This jesting is an effective slight of hand that keeps us from laughing at the transition between the two worlds. As with a stand-up comic who cracks jokes about their own obesity, the film heads off any potential tittering cynic at the pass because it's meant to be funny.
From then on the young "thunder god" adjusts to his new surroundings fairly quickly and the world of Thor comes to makes sense to us. By the time he dons his faux-Viking battle fatigues and does battle with The Destroyer (don't ask) on Main Street, we have successfully suspended our disbelief. Instead we can enjoy the fights which - let's face it - are the reason we go to the cinema to watch superhero movies. Branagh perhaps commits the crime of shooting too much action in disorienting close-up and some of the effects work is a little ropey, but 'Thor' is nevertheless good value entertainment with its share of climactic fist-pumping moments. It's also not as shallow as you might expect, with pretty well-rounded characters and a sympathetic villain. Its director is best known for adapting Shakespeare for the screen and, had the Bard penned a treatment of the screenplay, it would be easy to imagine this story from the point of view of Loki (Tom Hiddleston) as a great tragedy.
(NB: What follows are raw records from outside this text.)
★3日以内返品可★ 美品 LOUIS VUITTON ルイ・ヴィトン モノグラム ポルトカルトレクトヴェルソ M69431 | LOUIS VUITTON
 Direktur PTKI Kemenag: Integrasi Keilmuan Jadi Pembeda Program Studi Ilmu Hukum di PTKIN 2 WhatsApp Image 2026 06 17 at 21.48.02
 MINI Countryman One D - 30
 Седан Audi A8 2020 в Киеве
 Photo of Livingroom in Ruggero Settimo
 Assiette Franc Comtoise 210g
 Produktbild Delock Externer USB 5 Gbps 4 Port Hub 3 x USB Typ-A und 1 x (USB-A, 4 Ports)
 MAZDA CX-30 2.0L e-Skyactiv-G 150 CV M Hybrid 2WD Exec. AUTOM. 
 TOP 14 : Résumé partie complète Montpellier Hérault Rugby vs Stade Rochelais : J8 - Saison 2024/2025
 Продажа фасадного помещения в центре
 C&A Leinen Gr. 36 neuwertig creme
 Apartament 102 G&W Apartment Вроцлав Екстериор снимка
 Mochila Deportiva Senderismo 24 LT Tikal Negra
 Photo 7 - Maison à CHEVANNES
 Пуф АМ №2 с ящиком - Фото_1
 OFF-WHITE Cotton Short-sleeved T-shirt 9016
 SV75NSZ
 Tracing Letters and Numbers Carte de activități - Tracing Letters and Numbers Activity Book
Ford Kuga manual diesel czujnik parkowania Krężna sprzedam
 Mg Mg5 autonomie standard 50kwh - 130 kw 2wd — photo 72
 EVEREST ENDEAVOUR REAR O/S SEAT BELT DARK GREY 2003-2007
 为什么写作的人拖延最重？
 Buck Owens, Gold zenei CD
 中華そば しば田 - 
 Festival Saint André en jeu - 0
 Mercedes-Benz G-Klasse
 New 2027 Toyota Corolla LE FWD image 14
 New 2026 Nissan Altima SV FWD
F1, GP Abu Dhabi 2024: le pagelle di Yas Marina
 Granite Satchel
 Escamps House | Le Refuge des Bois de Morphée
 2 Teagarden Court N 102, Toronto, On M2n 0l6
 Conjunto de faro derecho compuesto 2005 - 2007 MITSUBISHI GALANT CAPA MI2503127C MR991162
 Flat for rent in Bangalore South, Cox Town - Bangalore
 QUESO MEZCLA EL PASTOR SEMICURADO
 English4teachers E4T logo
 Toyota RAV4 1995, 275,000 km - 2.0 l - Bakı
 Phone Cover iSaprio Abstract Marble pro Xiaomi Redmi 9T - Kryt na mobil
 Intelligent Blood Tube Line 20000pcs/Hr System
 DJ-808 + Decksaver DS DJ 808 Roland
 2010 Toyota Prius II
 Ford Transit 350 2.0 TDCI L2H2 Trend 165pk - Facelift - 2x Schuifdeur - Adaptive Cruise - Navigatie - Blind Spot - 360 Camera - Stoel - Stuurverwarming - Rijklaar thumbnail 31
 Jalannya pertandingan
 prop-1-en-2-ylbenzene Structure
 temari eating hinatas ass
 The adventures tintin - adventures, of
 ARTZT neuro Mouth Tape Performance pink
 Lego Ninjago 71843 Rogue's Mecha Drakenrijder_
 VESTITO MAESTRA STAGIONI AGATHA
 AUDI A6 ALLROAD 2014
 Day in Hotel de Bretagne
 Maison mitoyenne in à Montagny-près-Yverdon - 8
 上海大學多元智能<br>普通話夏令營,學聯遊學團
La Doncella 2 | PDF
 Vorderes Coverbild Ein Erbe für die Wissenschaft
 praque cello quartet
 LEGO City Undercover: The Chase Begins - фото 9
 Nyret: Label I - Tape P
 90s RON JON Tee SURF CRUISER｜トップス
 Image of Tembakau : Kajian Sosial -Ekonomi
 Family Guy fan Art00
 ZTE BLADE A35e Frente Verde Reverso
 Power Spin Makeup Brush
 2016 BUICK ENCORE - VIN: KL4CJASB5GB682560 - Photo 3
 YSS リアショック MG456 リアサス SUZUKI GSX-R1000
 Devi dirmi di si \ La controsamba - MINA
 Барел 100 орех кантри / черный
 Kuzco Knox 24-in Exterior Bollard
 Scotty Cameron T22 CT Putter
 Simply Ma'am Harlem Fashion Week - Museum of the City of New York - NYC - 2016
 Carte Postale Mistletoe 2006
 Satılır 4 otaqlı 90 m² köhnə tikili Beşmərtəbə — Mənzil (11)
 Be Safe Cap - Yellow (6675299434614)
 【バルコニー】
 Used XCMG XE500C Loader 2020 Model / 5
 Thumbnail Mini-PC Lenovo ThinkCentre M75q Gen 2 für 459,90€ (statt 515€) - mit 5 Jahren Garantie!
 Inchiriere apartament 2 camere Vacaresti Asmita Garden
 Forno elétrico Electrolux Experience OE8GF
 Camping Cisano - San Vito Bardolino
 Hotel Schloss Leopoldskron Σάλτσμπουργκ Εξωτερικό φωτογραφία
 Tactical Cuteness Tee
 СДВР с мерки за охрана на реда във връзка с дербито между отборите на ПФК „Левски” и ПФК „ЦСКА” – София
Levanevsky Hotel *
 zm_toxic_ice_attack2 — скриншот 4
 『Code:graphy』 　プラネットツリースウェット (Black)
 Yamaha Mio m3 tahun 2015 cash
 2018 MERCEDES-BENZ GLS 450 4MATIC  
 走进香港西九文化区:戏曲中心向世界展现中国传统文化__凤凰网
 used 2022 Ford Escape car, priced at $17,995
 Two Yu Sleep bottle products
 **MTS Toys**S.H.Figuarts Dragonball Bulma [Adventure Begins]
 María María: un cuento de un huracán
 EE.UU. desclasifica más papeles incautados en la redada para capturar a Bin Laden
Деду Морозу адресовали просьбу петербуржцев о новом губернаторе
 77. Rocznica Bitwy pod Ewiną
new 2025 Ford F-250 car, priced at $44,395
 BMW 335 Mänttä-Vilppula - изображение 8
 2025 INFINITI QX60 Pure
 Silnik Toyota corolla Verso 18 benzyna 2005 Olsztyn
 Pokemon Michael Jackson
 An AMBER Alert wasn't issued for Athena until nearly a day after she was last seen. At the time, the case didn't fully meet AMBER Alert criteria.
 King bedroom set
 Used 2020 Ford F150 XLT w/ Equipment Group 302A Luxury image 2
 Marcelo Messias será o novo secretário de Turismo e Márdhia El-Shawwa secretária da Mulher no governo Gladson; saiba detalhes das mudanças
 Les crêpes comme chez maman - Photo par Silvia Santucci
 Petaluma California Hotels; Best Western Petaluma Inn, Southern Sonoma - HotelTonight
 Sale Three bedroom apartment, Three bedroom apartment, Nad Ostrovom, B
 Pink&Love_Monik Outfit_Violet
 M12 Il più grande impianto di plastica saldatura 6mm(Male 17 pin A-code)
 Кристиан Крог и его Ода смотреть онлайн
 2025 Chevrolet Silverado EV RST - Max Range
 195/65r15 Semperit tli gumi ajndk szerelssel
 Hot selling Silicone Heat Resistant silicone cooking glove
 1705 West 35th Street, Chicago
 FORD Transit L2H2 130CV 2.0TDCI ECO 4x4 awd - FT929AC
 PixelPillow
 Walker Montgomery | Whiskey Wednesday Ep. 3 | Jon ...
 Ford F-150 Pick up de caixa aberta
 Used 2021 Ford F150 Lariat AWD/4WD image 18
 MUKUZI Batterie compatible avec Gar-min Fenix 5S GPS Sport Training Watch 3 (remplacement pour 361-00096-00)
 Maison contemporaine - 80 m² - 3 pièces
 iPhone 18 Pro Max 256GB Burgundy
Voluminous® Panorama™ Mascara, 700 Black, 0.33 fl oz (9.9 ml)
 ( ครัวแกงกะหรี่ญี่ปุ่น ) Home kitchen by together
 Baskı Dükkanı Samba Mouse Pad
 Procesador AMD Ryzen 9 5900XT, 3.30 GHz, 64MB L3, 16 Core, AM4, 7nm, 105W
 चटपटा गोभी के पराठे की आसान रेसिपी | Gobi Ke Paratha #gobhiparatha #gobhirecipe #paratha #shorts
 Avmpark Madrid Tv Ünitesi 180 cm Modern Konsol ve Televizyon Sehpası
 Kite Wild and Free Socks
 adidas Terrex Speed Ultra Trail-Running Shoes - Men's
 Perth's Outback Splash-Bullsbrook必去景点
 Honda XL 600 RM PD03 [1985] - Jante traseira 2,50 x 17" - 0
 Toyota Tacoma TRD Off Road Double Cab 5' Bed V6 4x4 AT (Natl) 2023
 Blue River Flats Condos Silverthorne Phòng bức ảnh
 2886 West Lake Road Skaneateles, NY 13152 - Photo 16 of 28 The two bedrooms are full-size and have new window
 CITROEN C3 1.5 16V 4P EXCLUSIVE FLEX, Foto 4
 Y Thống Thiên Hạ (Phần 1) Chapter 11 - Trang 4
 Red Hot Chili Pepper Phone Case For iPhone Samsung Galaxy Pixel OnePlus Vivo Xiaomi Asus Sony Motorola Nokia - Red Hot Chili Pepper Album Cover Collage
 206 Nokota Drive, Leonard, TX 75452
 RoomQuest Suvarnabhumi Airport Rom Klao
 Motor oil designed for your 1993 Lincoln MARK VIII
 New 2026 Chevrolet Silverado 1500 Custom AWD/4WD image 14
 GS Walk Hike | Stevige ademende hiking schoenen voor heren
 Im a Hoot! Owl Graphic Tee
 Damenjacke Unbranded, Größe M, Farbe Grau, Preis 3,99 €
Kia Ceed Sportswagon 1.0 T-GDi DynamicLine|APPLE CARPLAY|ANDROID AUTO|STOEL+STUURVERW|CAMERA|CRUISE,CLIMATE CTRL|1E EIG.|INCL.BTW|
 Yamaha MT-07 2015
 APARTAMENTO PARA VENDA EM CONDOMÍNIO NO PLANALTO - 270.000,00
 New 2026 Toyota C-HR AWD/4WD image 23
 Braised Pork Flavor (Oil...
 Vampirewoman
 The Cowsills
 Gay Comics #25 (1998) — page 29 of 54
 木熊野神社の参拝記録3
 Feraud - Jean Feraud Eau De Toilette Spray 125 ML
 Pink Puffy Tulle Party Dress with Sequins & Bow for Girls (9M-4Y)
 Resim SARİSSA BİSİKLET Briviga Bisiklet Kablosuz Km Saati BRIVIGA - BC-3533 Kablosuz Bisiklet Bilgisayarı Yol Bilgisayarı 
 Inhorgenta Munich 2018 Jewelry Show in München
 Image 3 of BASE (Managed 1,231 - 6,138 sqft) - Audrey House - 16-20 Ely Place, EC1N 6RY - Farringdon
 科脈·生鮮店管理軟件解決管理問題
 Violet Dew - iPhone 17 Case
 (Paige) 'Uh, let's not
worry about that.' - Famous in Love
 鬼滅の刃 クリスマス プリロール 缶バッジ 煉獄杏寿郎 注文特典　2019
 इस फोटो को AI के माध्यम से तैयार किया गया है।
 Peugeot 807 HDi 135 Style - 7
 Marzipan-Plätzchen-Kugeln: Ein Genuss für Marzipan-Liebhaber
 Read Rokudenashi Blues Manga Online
This unexpected depth owes much to the actors. Hemsworth, for his part, is pretty good as Thor and his transition from, as Protosevich has put it, "an Old Testament god to a New Testament god" is carried off well. It doesn't feel like the usual sudden third act u-turn when he becomes worthy of reclaiming his powers because he has genuinely changed before our eyes, becoming more humble and gentle through his association with scientist Jane Foster, as played by Natalie Portman. It may seem as though Portman, a recent Academy Award winner, is slumming it in 'Thor' (an accusation also levelled at Branagh) - and who could blame her after 'Black Swan'. But she gives her all to the role regardless and elevates a love-interest character into something more interesting and appealing. Like Hopkins, Hiddleston and veteran Swede Stellan Skarsgård, she adds believability to this obscure Marvel tale, and in doing so eases what must have been the studio's greatest concern.
Fun, light-hearted and - at times - morally complex, 'Thor' is more than just a cynical means to an end (even if it does feature a completely pointless and convoluted cameo for another Marvel hero). That is not to say, however, that it isn't also serving as a Trojan two-hour advert for 'The Avengers'. It's just that it's good enough that you won't mind. For comic book fans, summer 2012 can't come soon enough.
'Thor' is out now in the UK and has been rated '12A' by the BBFC.